Data shown Start Marker
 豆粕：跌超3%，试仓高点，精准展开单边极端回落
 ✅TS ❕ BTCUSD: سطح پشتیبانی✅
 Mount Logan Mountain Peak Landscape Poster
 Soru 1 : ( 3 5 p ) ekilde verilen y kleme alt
Data shown End Marker
§ What the task requires
Reproduce the data above exactly, leaving nothing out.

§ Result for this exercise
 豆粕：跌超3%，试仓高点，精准展开单边极端回落
 ✅TS ❕ BTCUSD: سطح پشتیبانی✅
 Mount Logan Mountain Peak Landscape Poster
 Soru 1 : ( 3 5 p ) ekilde verilen y kleme alt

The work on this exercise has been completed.